TASK DIRECTIONS: Return the records from the first line through the line containing "TOYOTA COROLLA 2022 - JTNC4MBE0N3150516", and leave out the pictures.

SOURCE INFORMATION:
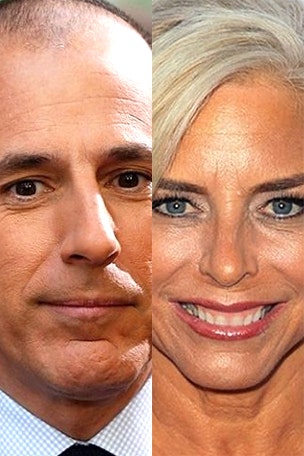 Lauer's ex-wife defends him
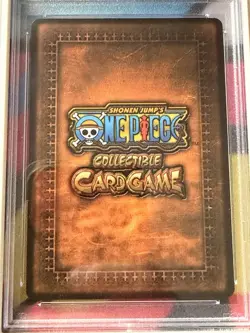 One Piece A Quest Begins Bandai 2005 CCG Red-Haired Shanks SR CH005 Silver Foil - Image 2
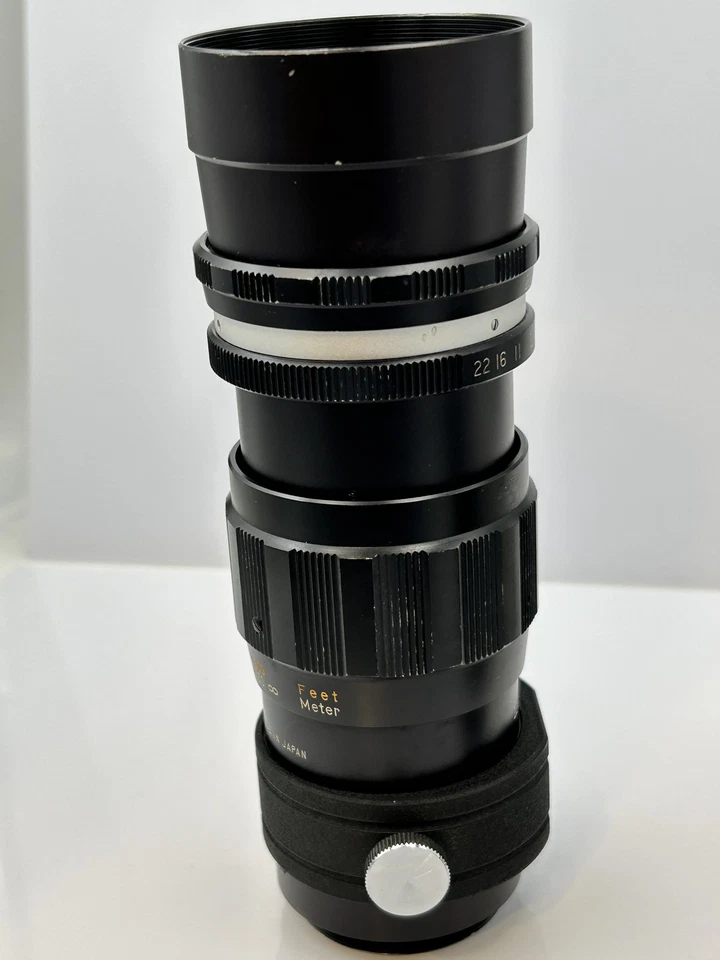 Vintage Tele-Lentar 200mm f4.5 Lens + Vivitar 35mm f2.8 Wide Angle M42 Japan Set - Image 4 of 4
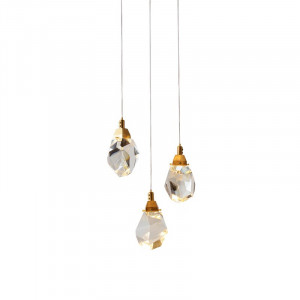 Подвесной светильник Delight Collection 9701P/3R brass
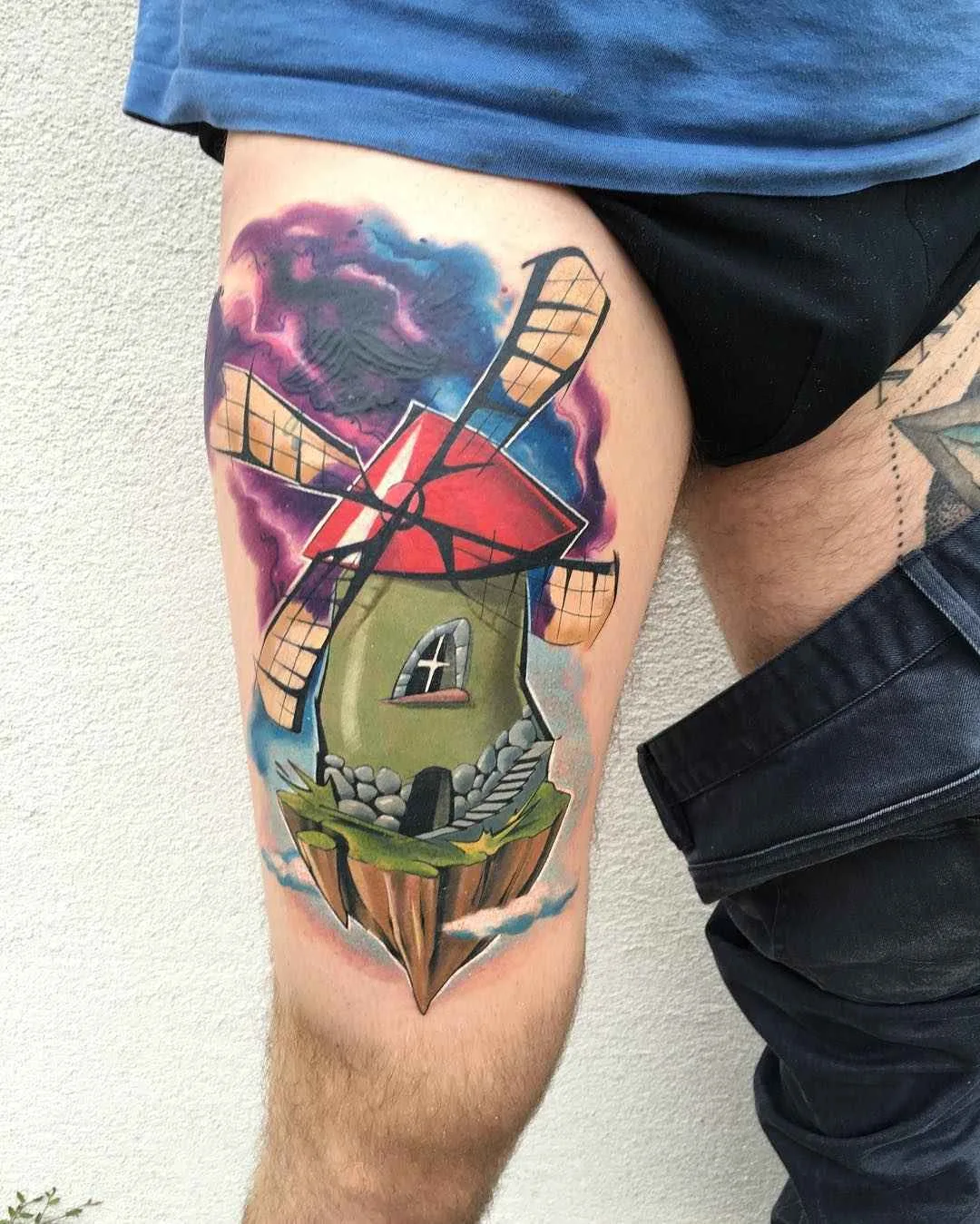 Matej Martius neo traditional tattoo татуировки в стиле неотрад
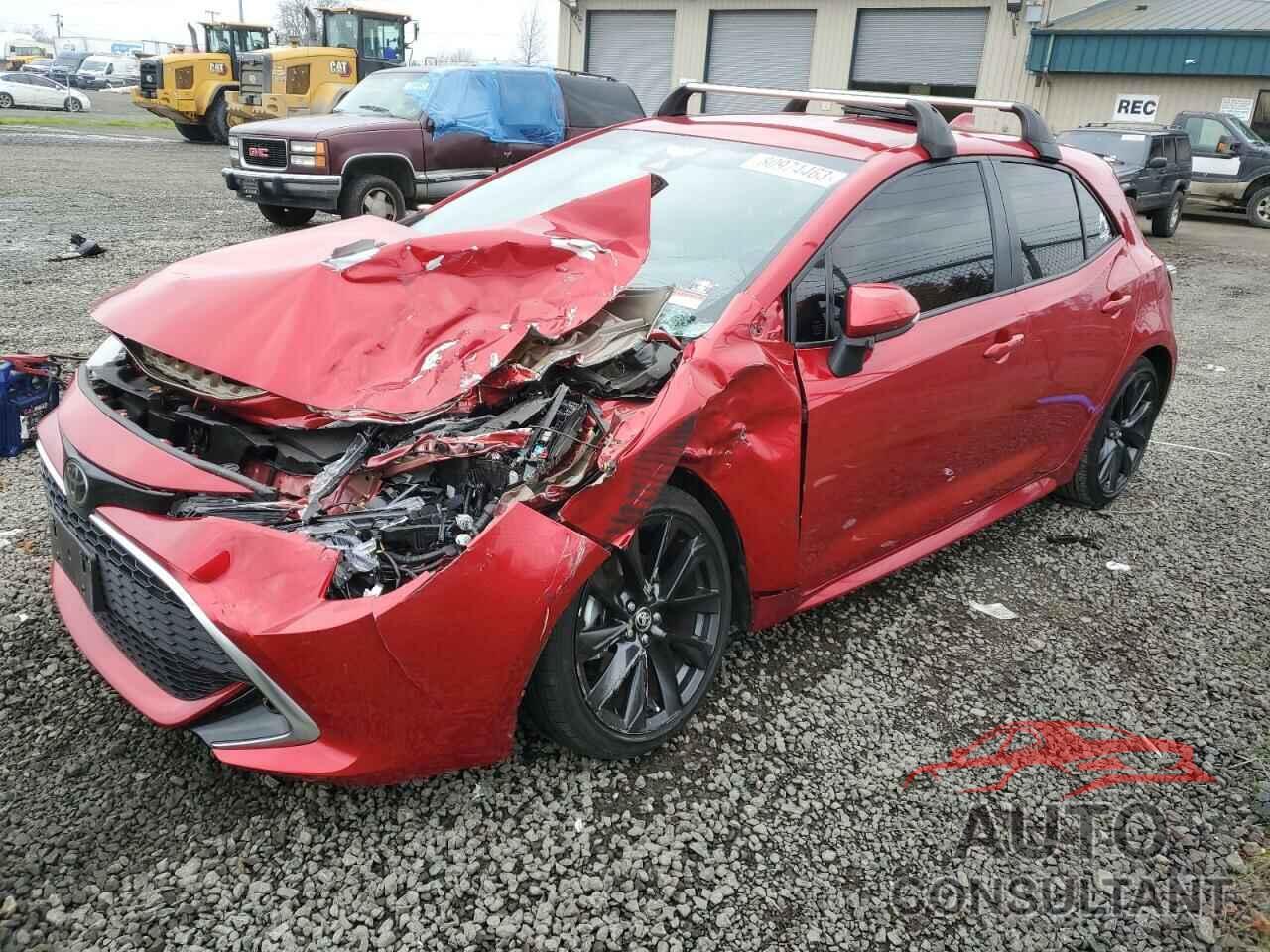 TOYOTA COROLLA 2022 - JTNC4MBE0N3150516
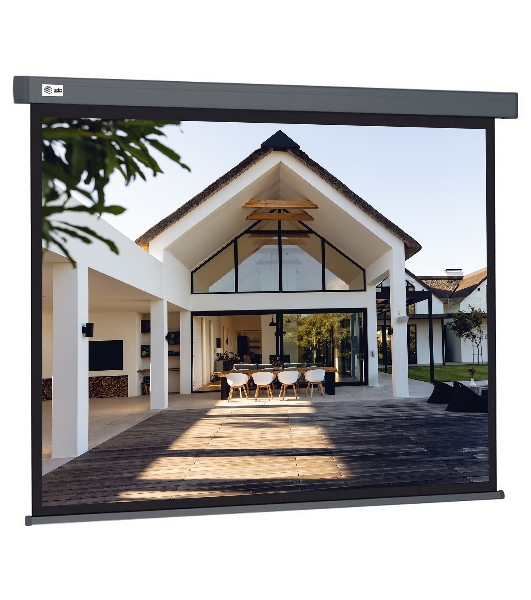 Экран Cactus 206x274см Wallscreen CS-PSW-206X274-SG 4:3 настенно-потолочный рулонный серый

SOLUTION FOR THIS PROBLEM:
 Lauer's ex-wife defends him
 One Piece A Quest Begins Bandai 2005 CCG Red-Haired Shanks SR CH005 Silver Foil - Image 2
 Vintage Tele-Lentar 200mm f4.5 Lens + Vivitar 35mm f2.8 Wide Angle M42 Japan Set - Image 4 of 4
 Подвесной светильник Delight Collection 9701P/3R brass
 Matej Martius neo traditional tattoo татуировки в стиле неотрад
 TOYOTA COROLLA 2022 - JTNC4MBE0N3150516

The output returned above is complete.